GroundSensorBehavior.cs

using UnityEngine;

public class GroundSensorBehavior : MonoBehaviour
{
    private bool _onGround = false;
    public bool OnGround
    {
        get { return _onGround; }
        private set { _onGround = value; }
    }

    public float elevation = 0.0f;

    public LayerMask GroundLayer;
    public float Radius = 0.3f;

    void FixedUpdate()
    {
        Collider[] cols = Physics.OverlapSphere(transform.position, 0.2f, GroundLayer);

        for (int i = 0; i < cols.Length; i++)
        {
            if (cols[i].transform.root.tag == "Player")
            {
                continue;
            }
            else
            {
                OnGround = true;
                return;
            }
        }

        OnGround = false;
    }
}

Jumping State and Fall State

Here are the Jump and Fall States that where mentioned before.  The Jump state simply adds vertical velocity to the actors rigidbody for the duration of the jump.  Jump ends when EndJump is called (e.g user releases jump button) which happens automatically if it takes more than 0.3s.

These states also contain simple implementation for double jump where jump state informs the fall-state to allow jumping and where fall-state tells the next jump state to not allow it again.

JumpState.s

using UnityEngine;

public class JumpState : OnGroundState
{
    float MaxJumpTime = 0.3f;
    float JumpTimer = 0.0f;
    bool _doubleJump = false;

    public JumpState(bool doubleJump = false)
    {
        _doubleJump = doubleJump;
    }

    public override void FixedUpdate()
    {
        ApplyJump();
        ApplyRotation();
    }

    public override void Update()
    {
        JumpTimer += Time.deltaTime;
        if (JumpTimer > MaxJumpTime)
            EndJump();
    }

    public override void EndJump()
    {
        Controller.ChangeState(new FallState(_doubleJump));
    }

    void ApplyJump()
    {
        float velY = Controller.JumpPower - Controller.RB.velocity.y;
        Controller.RB.AddForce(Vector3.up * velY, ForceMode.VelocityChange);
    }
}

FallState.cs

using UnityEngine;

public class FallState : OnGroundState
{
    bool _allowJump = false;
    public FallState(bool allowJump = false)
    {
        _allowJump = allowJump;
    }

    public override void FixedUpdate()
    {
        if (Controller.GroundSensor.OnGround)
            Controller.ChangeState(new OnGroundState());
        else
        {
            ApplyRotation();
        }
    }

    public override void Jump()
    {
        if(_allowJump)
        {
            Controller.ChangeState(new JumpState());
        }
    }
}

Controlling the Actor

Now that the actor knows how to move, turn and jump based on what state it’s in it’s time to send it some commands.
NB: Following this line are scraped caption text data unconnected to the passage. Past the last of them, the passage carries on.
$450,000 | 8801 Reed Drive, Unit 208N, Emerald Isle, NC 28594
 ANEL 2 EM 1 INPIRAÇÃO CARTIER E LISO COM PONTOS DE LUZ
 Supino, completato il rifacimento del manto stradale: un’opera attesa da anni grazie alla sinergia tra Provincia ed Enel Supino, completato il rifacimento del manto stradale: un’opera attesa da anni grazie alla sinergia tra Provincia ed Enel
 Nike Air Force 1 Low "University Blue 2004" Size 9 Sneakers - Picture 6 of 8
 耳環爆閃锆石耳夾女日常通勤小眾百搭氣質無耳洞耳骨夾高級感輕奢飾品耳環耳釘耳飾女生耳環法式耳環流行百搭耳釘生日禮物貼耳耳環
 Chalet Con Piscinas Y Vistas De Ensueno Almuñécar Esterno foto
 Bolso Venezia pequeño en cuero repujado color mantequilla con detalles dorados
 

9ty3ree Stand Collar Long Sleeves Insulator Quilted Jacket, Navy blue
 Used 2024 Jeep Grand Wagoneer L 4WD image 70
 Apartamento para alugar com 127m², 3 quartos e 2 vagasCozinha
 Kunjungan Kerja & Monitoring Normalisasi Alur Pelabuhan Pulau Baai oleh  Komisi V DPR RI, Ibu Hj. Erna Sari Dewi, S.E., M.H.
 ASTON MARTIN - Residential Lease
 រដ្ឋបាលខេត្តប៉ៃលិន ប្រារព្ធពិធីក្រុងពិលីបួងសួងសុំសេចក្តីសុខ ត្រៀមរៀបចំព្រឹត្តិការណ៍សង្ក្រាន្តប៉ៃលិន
Below is a simple Controller behavior that takes in CharControllerBehavior which it will then control.

PlayerControllerBehavior.cs

using UnityEngine;

public class PlayerControllerBehavior : MonoBehaviour
{
    public CharControllerBehavior player;

    public void Start()
    {
        Cursor.visible = false;
    }

    public void Update()
    {
        Vector2 movement = new Vector2(Input.GetAxisRaw("Horizontal"), Input.GetAxisRaw("Vertical"));
        float turning = Input.GetAxis("Mouse X");

        if(player)
        {
            player.CurrentState.Move(movement);
            player.CurrentState.Turn(turning);

            if (Input.GetButtonDown("Jump"))
            {
                player.CurrentState.Jump();
            }
            else if (Input.GetButtonUp("Jump"))
            {
                player.CurrentState.EndJump();
            }
        }
    }
}

Notes

  • The physics based movement logic in this tutorial is very bare bones to keep the tutorial as simple as possible.
  • It’s not generally better to use Rigidbody.addForce with velocitychange force mode to control physics based characters because setting velocity directly interferes with external forces (e.g strong wind, knock-back from explosion etc.)
  • Many games move character through animation root-motion instead of physics.
  • State machines are also great for Artificial intelligence among many other things.